#### RAW DATA ####
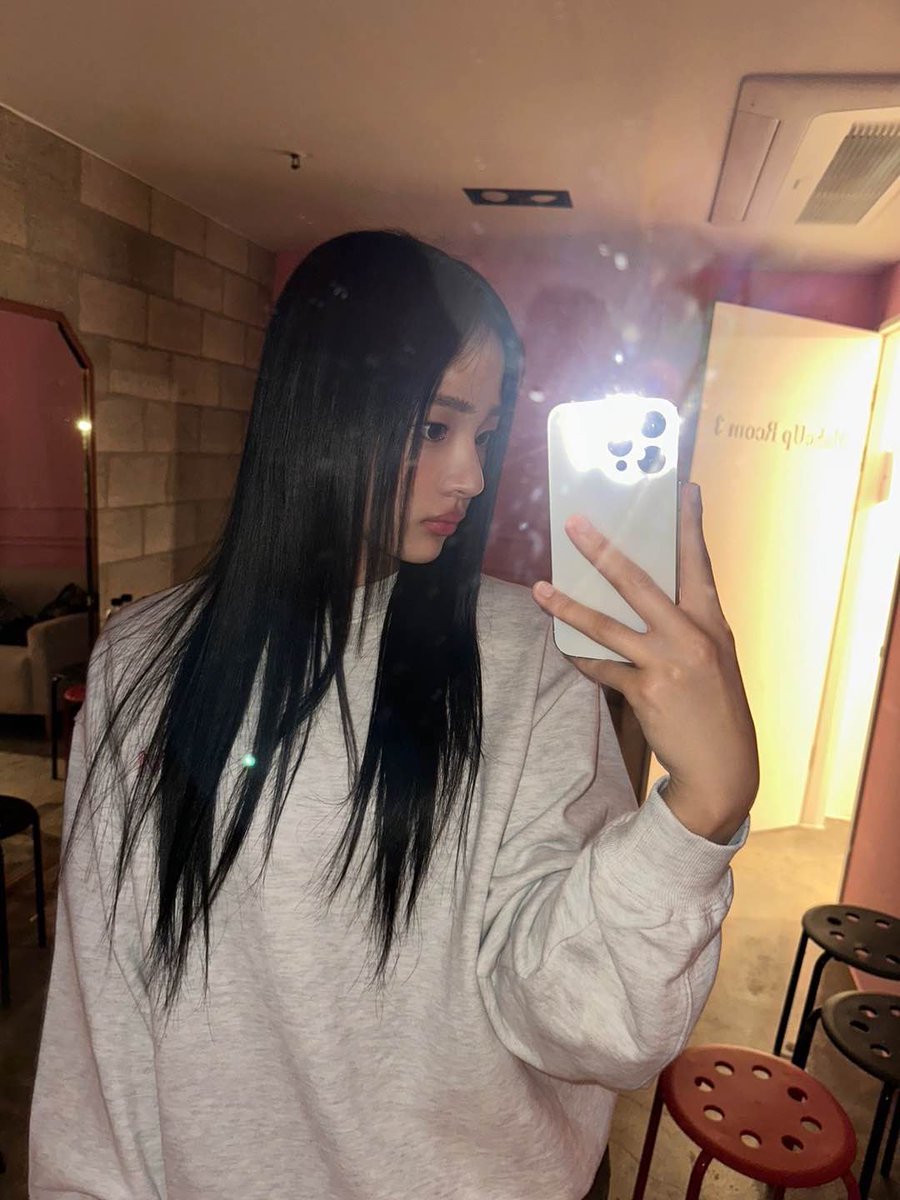 n년전 오늘의 민지 tweet media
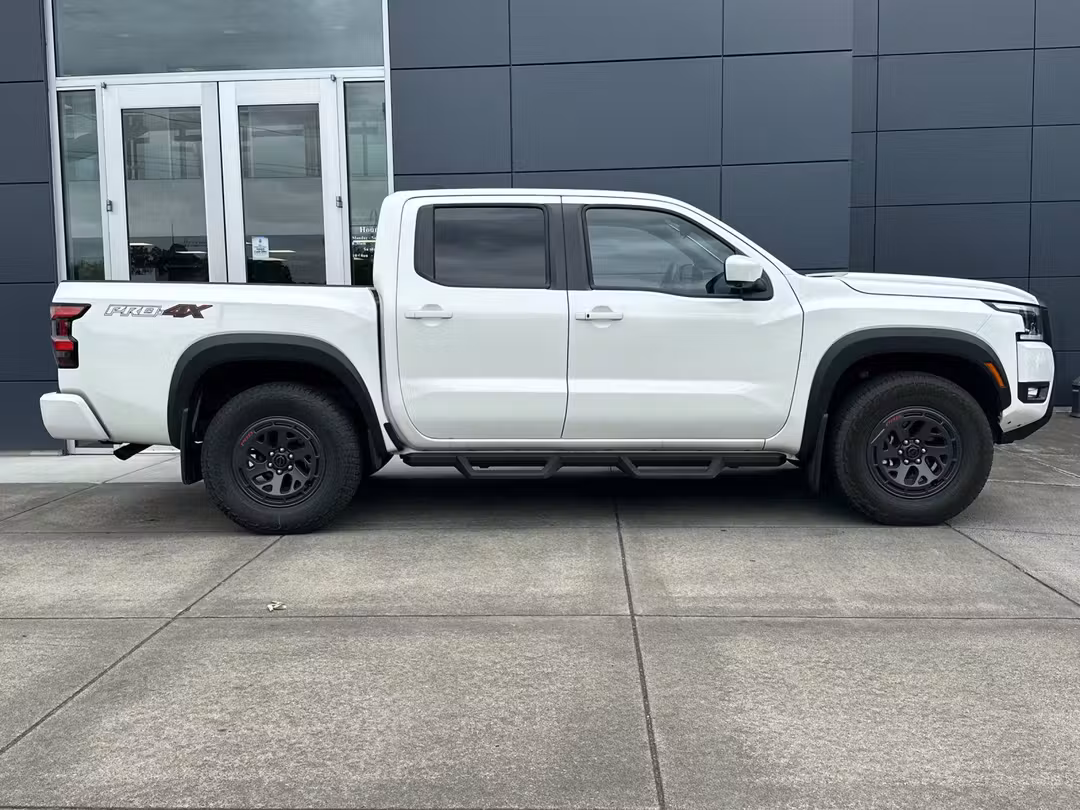 2026 Nissan Frontier PRO4X - Image 2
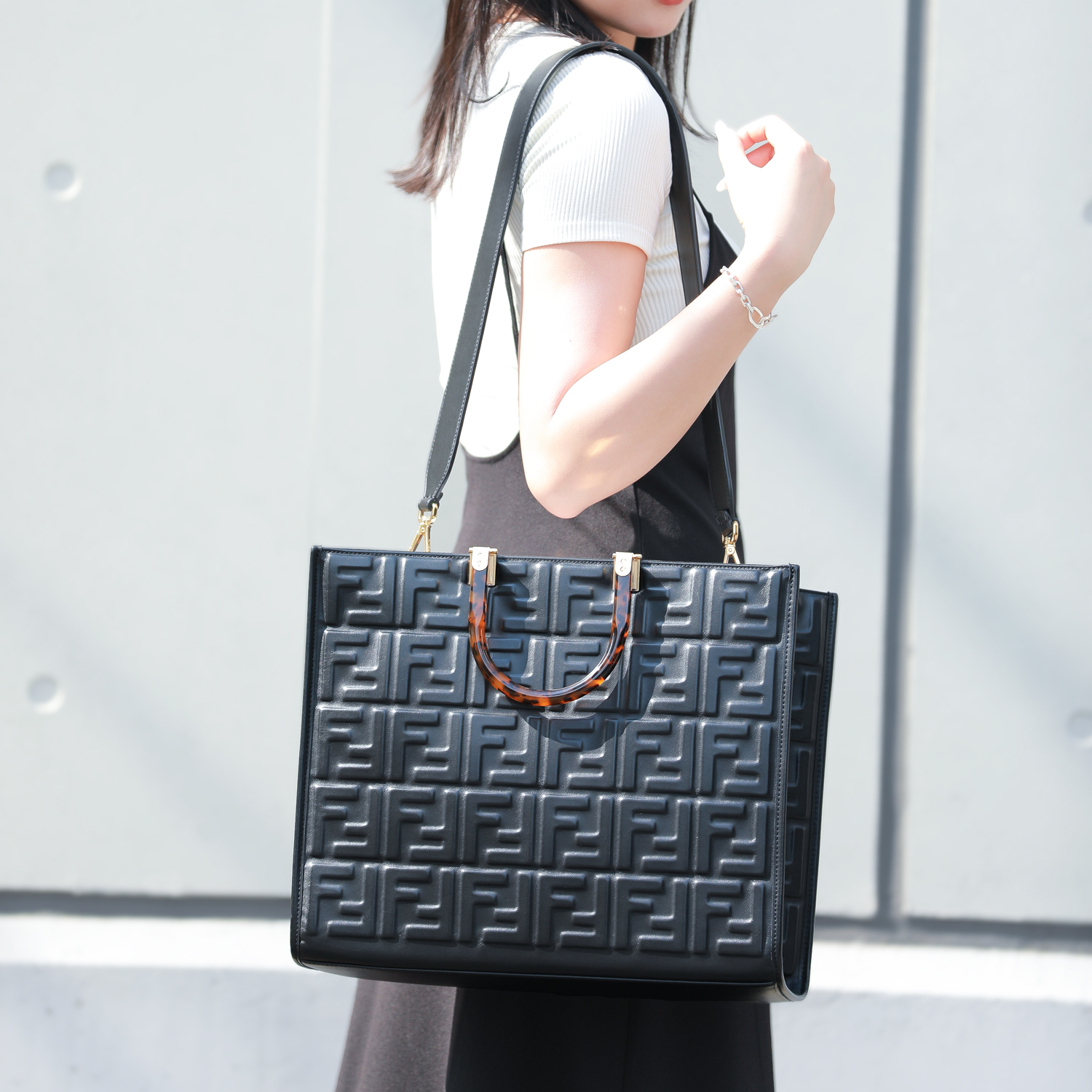 FENDI フェンディ SUNSHINE M トート バッグ
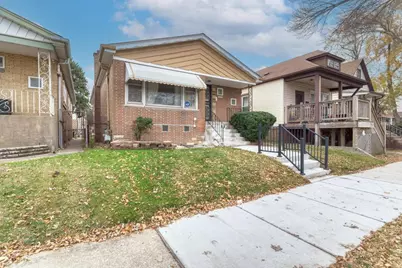 2243 E 92nd Place, Chicago, IL 60617 - Photo 2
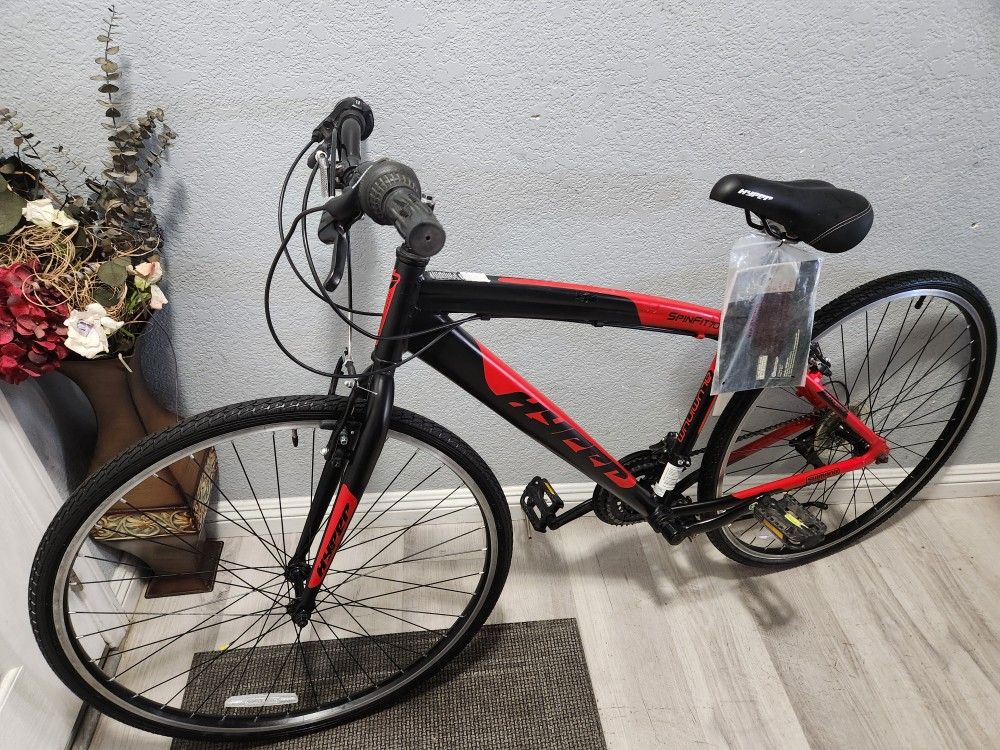 Hyper Bike Aluminum 28 700 21 Speed New Ready To Ride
####
WORK INSTRUCTION. All of the material must be repeated exactly in the answer, apart from the pictures.

EXERCISE RESULT.
 n년전 오늘의 민지 tweet media
 2026 Nissan Frontier PRO4X - Image 2
 FENDI フェンディ SUNSHINE M トート バッグ
 2243 E 92nd Place, Chicago, IL 60617 - Photo 2
 Hyper Bike Aluminum 28 700 21 Speed New Ready To Ride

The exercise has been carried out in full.